As a pianist and composer, Vijay Iyer is enjoying a reputation that was hard won. He’s relatively young (41, as of this typing), of Indian descent, and is currently caught up in a post-bop golden age relished by the NPR-inclined crowd but probably dismissed as modernist pandering by the jazz purists (see his 2003 collaboration with Mike Ladd, In What Language?, for further blasphemy). His unorthodox choice of covers probably ruffles feathers too, ranging from John Lennon to Stevie Wonder. But Iyer has been steaming forth, undeterred, compounding on the critical and commercial successes of 2009’s Historicity, 2010’s Solo and the superb World/jazz mash-up with Prasanna and Nitin Mitta on Tirtha. Accelerando, his latest session with bassist Stephan Crump and drummer Marcus Gilmore, continues to up an ante that’s already way up there to begin with. When someone dishes out an album comprised of original tunes alongside covers of Heatwave, Michael Jackson, Henry Threadgill, Herbie Nichols, and Duke Ellington, your gut reaction may be something along the lines of a very sarcastic “oh, you’re sooo very clever.” Not so with Accelerando. The sum is greater than the parts, and the parts could stand alone for a million years.

Much like one of his covers subjects, Henry Threadgill, Vijay Iyer does not let his band approach jazz music as this unbendable thing that’s at the mercy of chart forms. There is a lot of ducking and weaving going on, and not only on an instrumental level of interplay. The musical forms and figures come and go in an organic stampede, presented in a way that is both artistically unpredictable yet couldn’t have unfolded any other way. Threadgill’s “Little Pocket Size Demons” is a wonderful case in point of how Iyer’s trio kindly ignores jazz rules rather than rudely plundering them.

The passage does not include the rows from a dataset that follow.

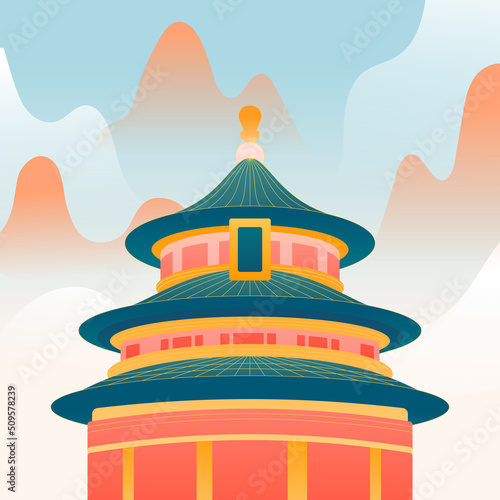 People travel on vacation with various plants and buildings in the background, vector illustration, Chinese translation: Summer Solstice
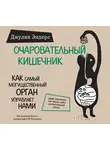 Джулия Эндерс - Очаровательный кишечник. Как самый могущественный орган управляет нами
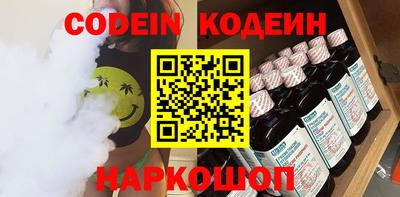 марки nbome Коммунар
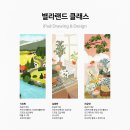 꾸덕 꾸덕 오일파스텔 드로잉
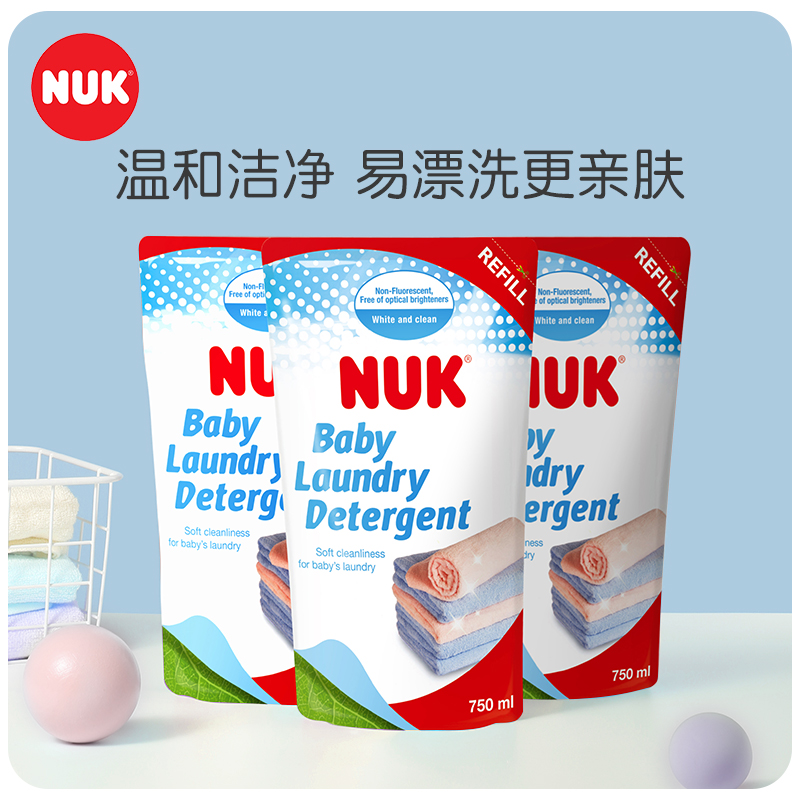 NUK imported baby laundry detergent Children Baby adults general do not hurt hands no add 750ml 750ml * 3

Vijay Iyer applies the same elasticity to his originals, particularly a modern swing tucked into “Optimism”. Just when you think solo rounds are about to me made, the whole trio solos at once. The quirky yet headstrong title track, which should have been the album’s leadoff track, plays out more like a piece of pop with an introductory synthetic beat and what sounds like a series of power chords on the piano. If there was ever a moment on the album that exhaled “this is what I do”, it’s here.

A holdover from his acclaimed album Solo is “Human Nature”, a cover that Iyer had been toying with since the time of the King of Pop’s death. In this new trio setting, he keeps the breezy waltz feeling intact but allows Gilmore and Crump to take it in whichever way they choose over the course of nearly ten minutes. And though I may catch flack for saying this in light of the passing of the song’s original performer, “Human Nature” is reinvented here. Again.

Put simply, Accelerando is an album filled with highlights. The intensely controlled swing of Heatwave’s “The Star of the Story”, the modest lyricism of “Mmmhmmm”, the vertigo-inducing rolls of “Actions Speak”, the simple beauty of Duke’s “The Village of the Virgins” – it’s all here. There is a reason Vijay Iyer keeps popping up on year-end best-of lists; it’s because he synthesizes such disparate styles, some easily palatable and some requiring more effort, into a striking vision of his own.